However, not all of these games’ senses of the feminine revolve directly around the imagery of the body itself. Interestingly, both games use the standard trope of the damsel in distress as motivator for their male protagonists. Dante seeks Beatrice, Isaac seeks Nicole, and Mario seeks the princess. Well, except that, in the former two cases, the two women in distress are already dead (though Isaac is unaware that that which compels him forward is that which he has already lost at the beginning of Dead Space). Which, on the one hand, does notably make their bodies a kind of moot point, since the spirit has fled. On the other hand, both women serve as a “lure” into this nightmare trap often characterized by “female” or female-related monstrosities. Rather than serving as a “prize” for male achievement, women become bait for their intended destruction.
In the Dead Space series, the seductive allure of feminine peril is additionally compounded by the constant betrayal of Isaac at the hands of living female characters who promise guidance and security but who end up intending his ruin (Kendra Daniels in the first game and Daina early in the second game). And, of course, in Dead Space 2, Isaac’s “princess”, Nicole, is featured as a tormenting ghost haunting Isaac’s fragile psyche.

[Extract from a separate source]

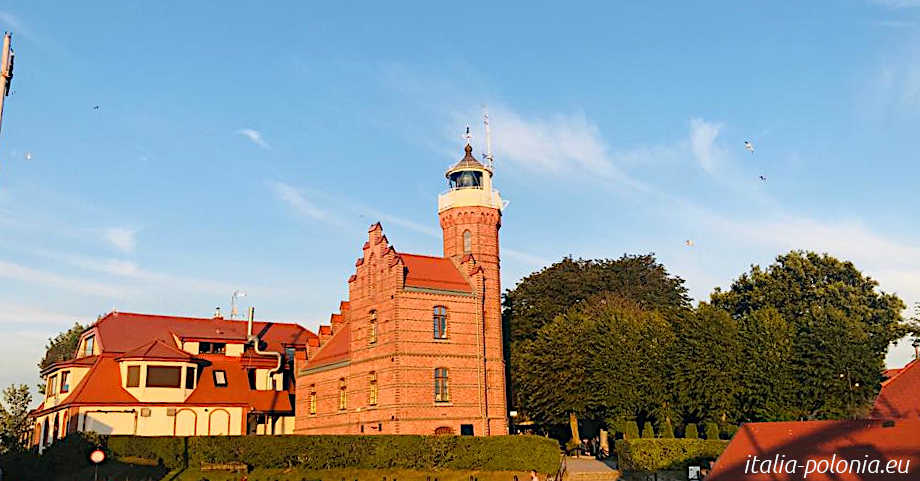 Faro di Ustka. Foto by Giovanni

Unsurprisingly though, given all of this female and reproductive horror, Isaac is also “haunted” by memories recovered by the player in a text log in Dead Space 2 about his own mother. More specifically, this log reveals his mother’s association with the church of Unitology and her eventual surrender of herself, her finances, and, thereby, her son’s future (given that she can’t provide finances for entrance into school to become an engineer) to the same church that worships at the altar of the Necromorphs, the Marker. With insinuations of Isaac being capable of creating a Marker (himself being a product of a Unitologist’s womb), his relationship with the concept of motherhood and what it can produce (in this line of causation, the Necromorph plague itself) can only be understood as a horrific one.
In this sense, motherhood may be the central villain of the Dead Space mythology. If the organic growth known as The Corruption that creeps up bulkhead walls in Dead Space and overruns portions of The Sprawl in Dead Space 2 resembles the interior spaces of a body, (maybe, especially a female body) and female orifices and the horror of reproduction is insinuated by the bodies of the Necromorphs, Isaac’s encounters with horror have much to do with his anxiety about the womb, what it might produce, what is has produced. The setting merely seems to have “grown” (or been grown if an engineer like Isaac has been able to create such a plague via the Marker) in response to or to reflect the very terrors that Isaac has about the terminal power of the place that has given him life and now offers only half-life or death itself.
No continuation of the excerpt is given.